It’s all part of a normal cycle for me: a few weeks ago, fresh back from the Aegean sunshine, my carefully curated backlog exhausted, I was writing my posts on the hoof and fretting constantly over what to do when inspiration did not come to call. Today, I sit with a pile of essays in front of me, wondering if I should start to publish every day in order to get rid of them.
I won’t, of course, because I know that the days of nothing to report are just around the corner. It is, as I say, just part of the normal ebb and flow for me: sometimes I can write this hodgepodge in abundance – it just oozes out of me – whilst on others I can spend an evening staring at a semi-colon, trying to decide whether I can do without it. I am consistent only in my inconsistency. I think that the knowledge that there is ‘work’ in hand gives my head the latitude it needs to wander off in all the wrong directions. Torpor sets in and the cardigan comes out.

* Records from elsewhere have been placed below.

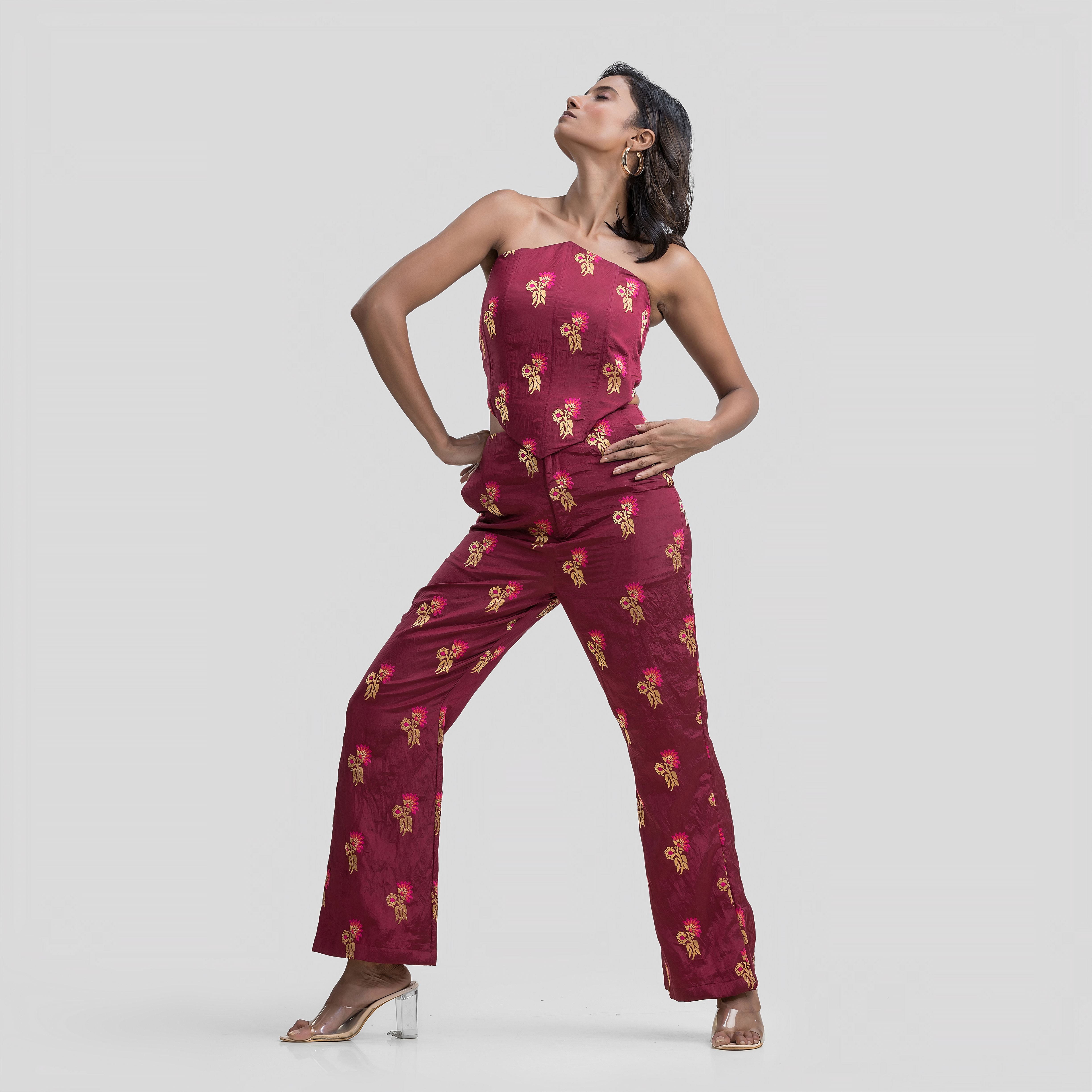 Raspberry Brocade Highwaisted Pants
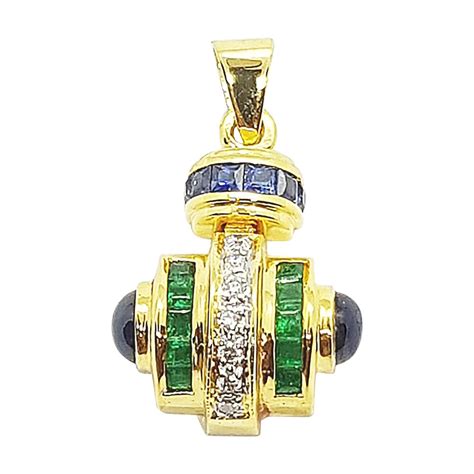 Ruby Blue Sapphire And Emerald With Diamond Pendant In Karat Gold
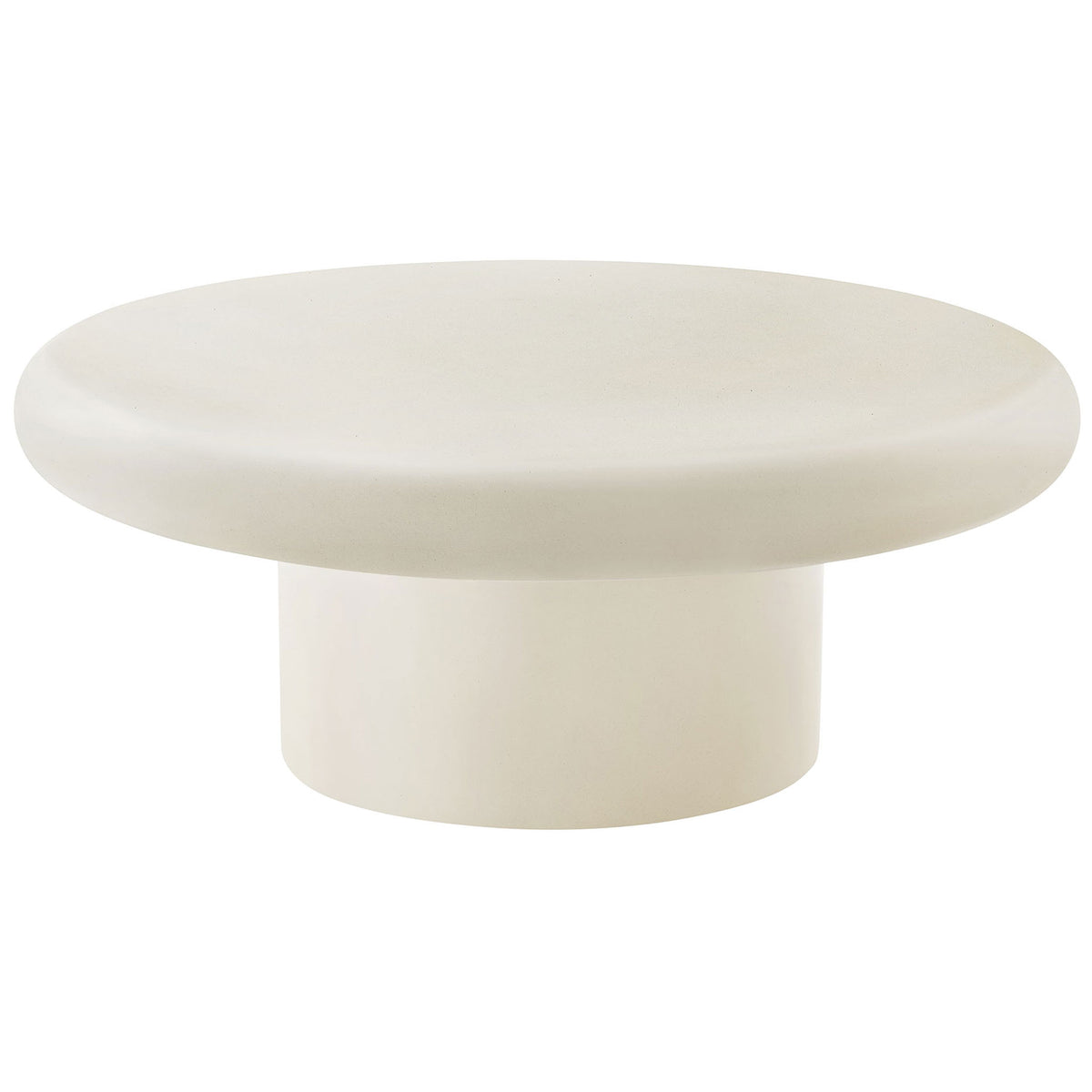 White concrete round coffee table with smooth bullnose top and sturdy cylindrical base for indoor or outdoor spaces || EEI-7092-WHI || front_angle_studio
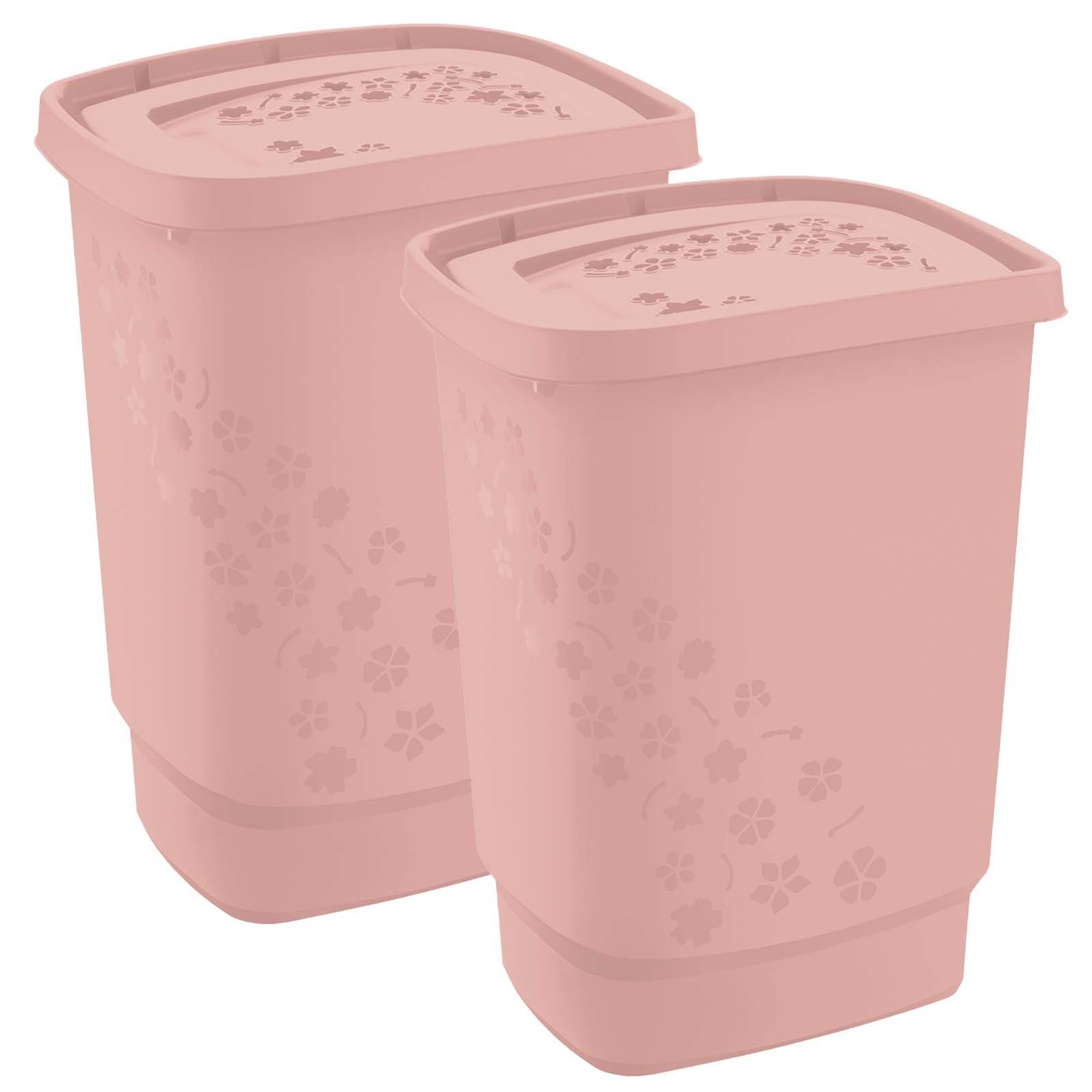ROTHO Wäschekorb ged. Flowers pink BPA-frei mit Linnea Deckel, 2er-Set 55l (PP) Wäschesammler Kunststoff (2er-Set)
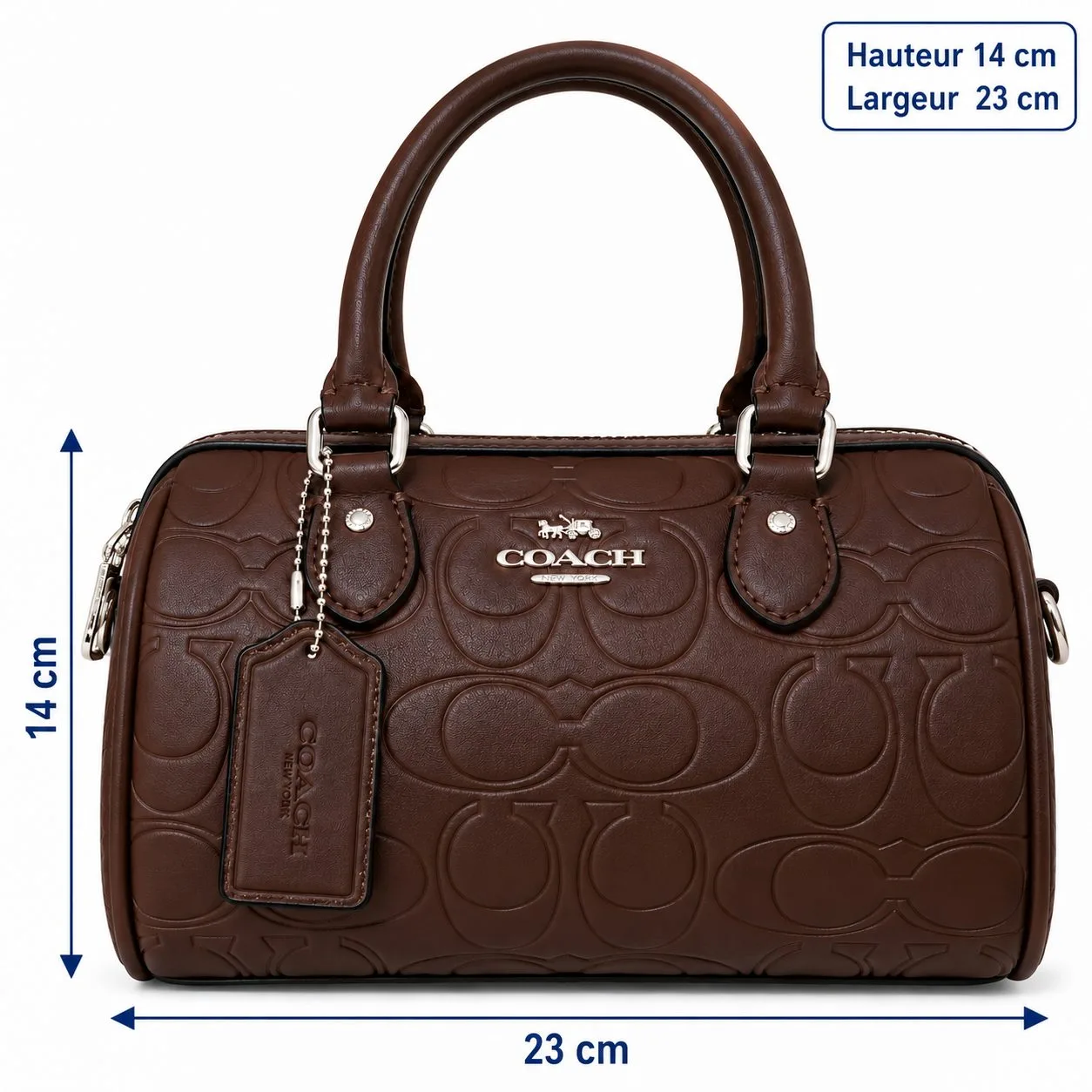 Petit sac à main COACH marron foncé
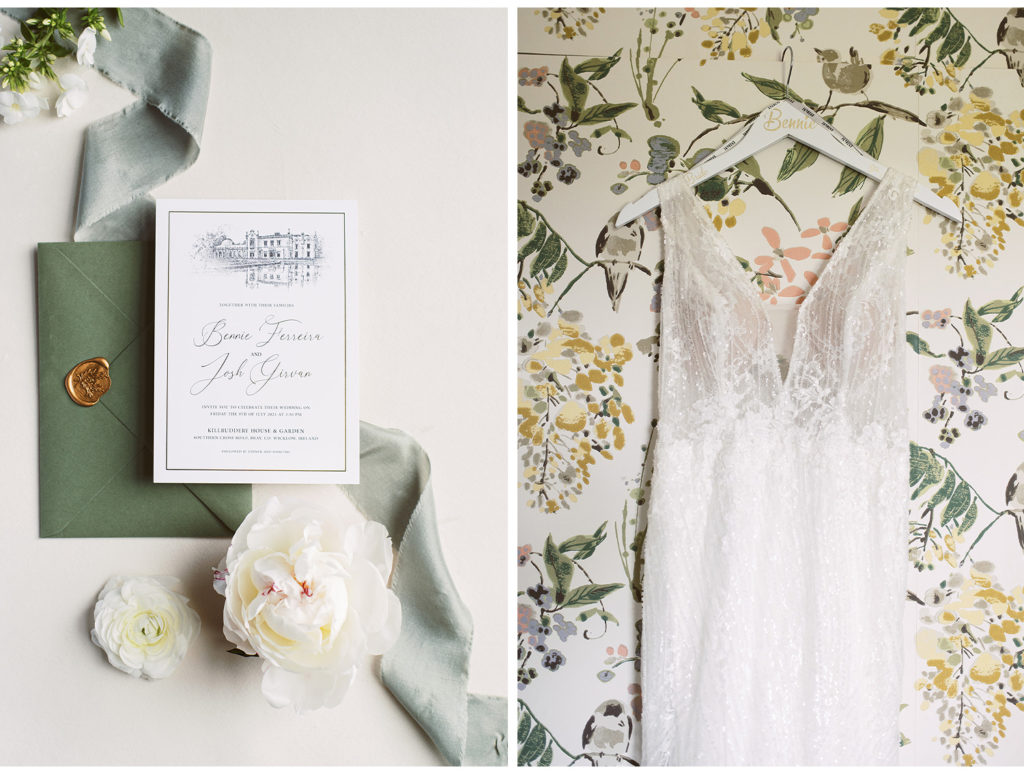 Bridal dress and invitations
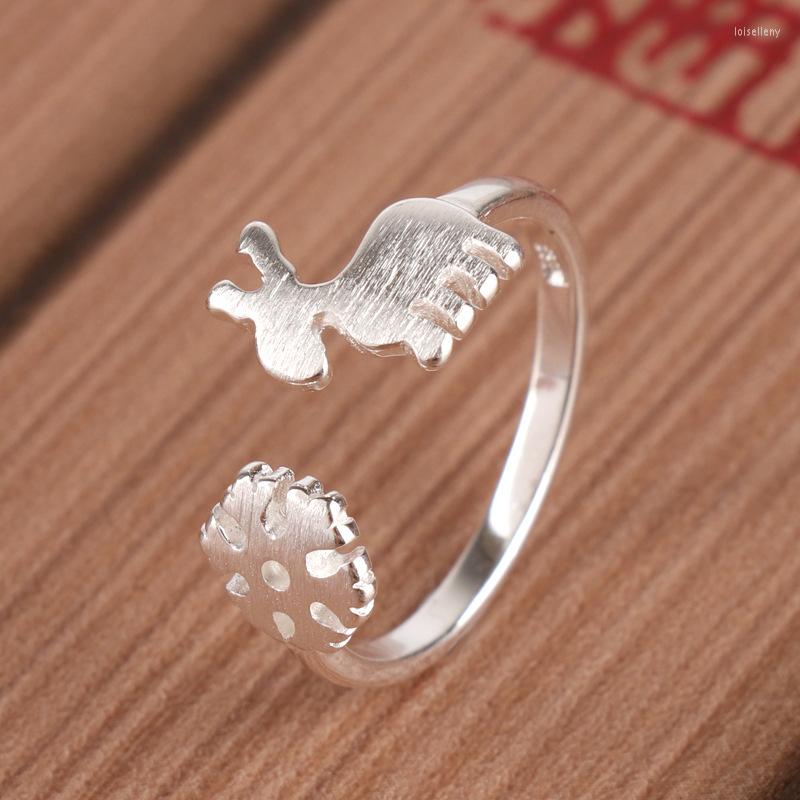 

Wedding Rings Wholesale Real Silver Color Snowflake Deer Animal For Women Statement Jewelry Finger Ring Anillos Mujer Bijoux
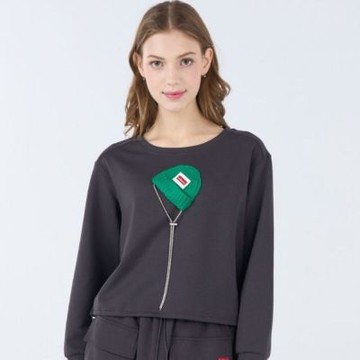 Qiruo 奇若秋冬深灰長袖上衣1806A休閒  可配搭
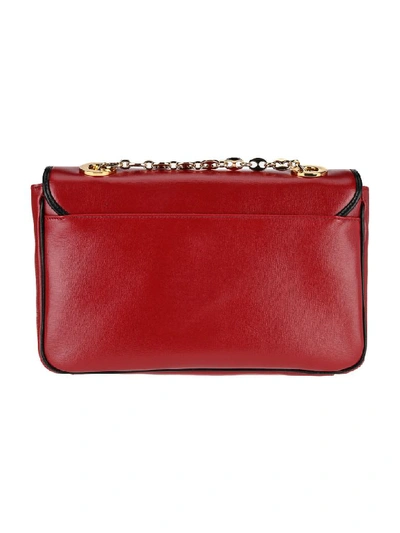 Shop Gucci Marina Leather Small Shoulder Bag In New Cherry Red Black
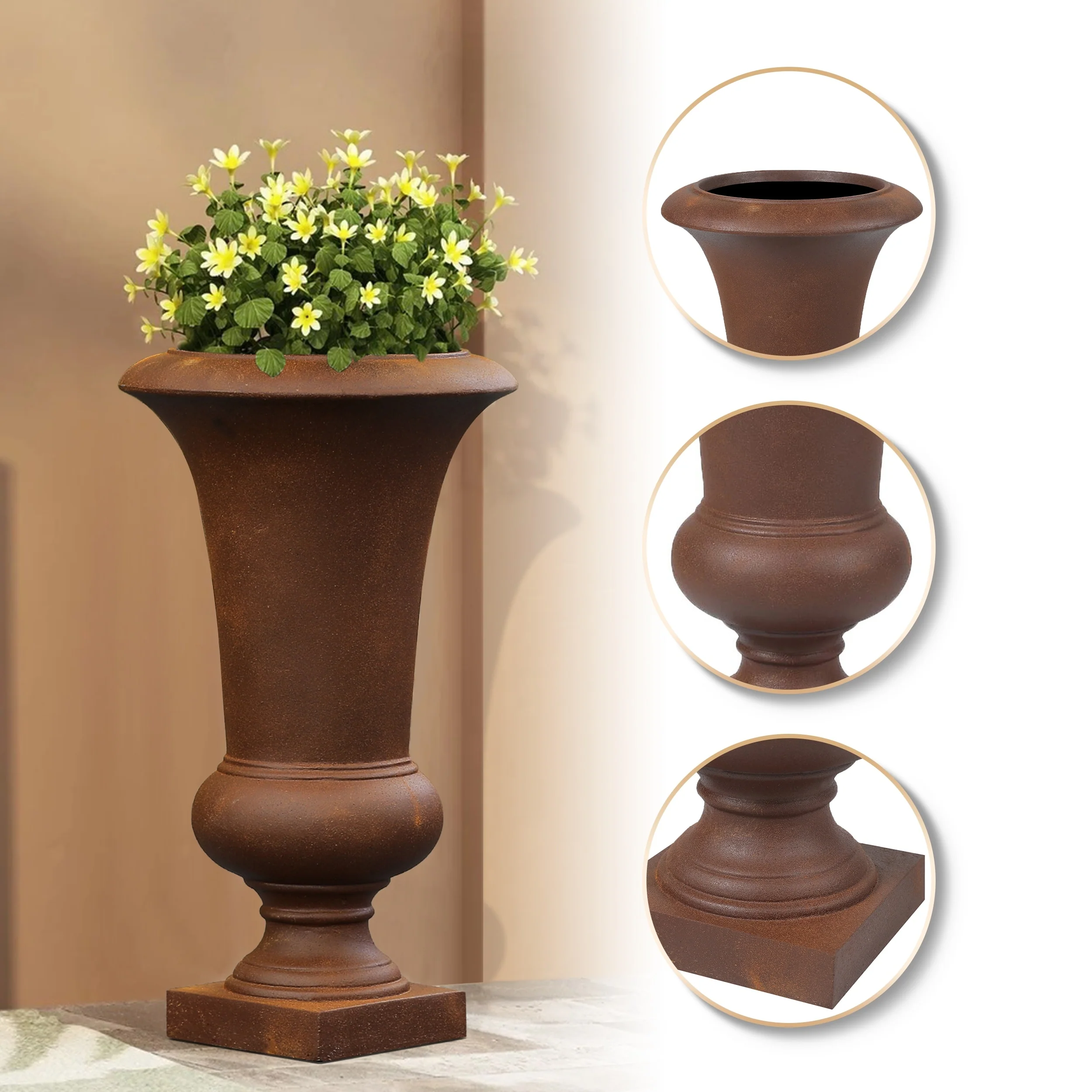 22.75" Tall Handmade Fiber Stone Urn Planter Pot, Decorative Outdoor Garden Flower Container for Patio and Home - Image 15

It is, for reasons I have not yet managed to identify, a quiet day on the building site behind me. All work appears to have halted and silence prevails. I swear I can hear birdsong. I am sure that if I were to half close my eyes, I would be able to see soldiers playing football in the mud and the puddles. I wonder, should the work actually stop today, how long would it take nature to reclaim the land: to subsume the proto-roads and infrastructures, to re-establish homes, not for humans, but for beasties of all types and sizes?
Idle speculation of course because, even now, I see herds of hi-viz approaching me from the left and a lorry (presumably a Brobdignagian tea-urn) disappearing to the right. A casual glance from the window finds me staring into the jaw of a giant digger.
Half a century, or more, ago I read a story in what well could have been ‘Amazing Tales’ or ‘Astounding Stories’ which, unusually, did not centre on the Aliens living, undetected, next door. It supposed that the Solar System was a molecule, each planet an atom, a tiny fragment of a reality that was infinitely bigger than our own – the Universe as a coffee table – and I can’t shake off the image of all the giant machinery around me as vast insects, themselves part of some huge colony, simultaneously building and pillaging.
At which point, doubt kicks in: do I mean pillaging? Wasn’t that a Viking thing alongside names like Bloodaxe and helmets with horns on? Always makes me wonder how primitive we English were back then that the Vikings could be regarded as civilising. We had plenty of Vikings around these parts and the influence still persists. I know that the suffix ‘by’ simply meant ‘village’ (hence Ingleby – the English village – and Normanby – the Norman village) and that Thorp(e) meant a village of lesser importance e.g. Thorpe-on-the-Hill, Thorpe-le-Fallows, Thorpe-near-the-Bus Stop and Thorpe-where-the-old-village-pub-is-now-an-Old Tyre Dump.
What I’m hoping, of course, is that they might dig up Viking remains behind me, a Viking village perhaps, fatefully named Colinby or Thorpe-on-the-Back Field, accompanied by pots of gold and enough ancient artefacts to keep Baldrick* happy for months – just long enough for a Preservation Order to be slapped on the whole shebang.
Fanciful? I guess so, but the thought has kept me occupied for a while – even if it does mean that another day has gone by with nothing for me to say…
*A hugely popular character from Rowan Atkinson’s ‘Blackadder’, played by Tony Robinson, who later hosted ‘Time Team’ in which all manner of things were dug up by a team of people with whom you would love to spend an evening in the pub, but probably, all things considered, would not want living next door.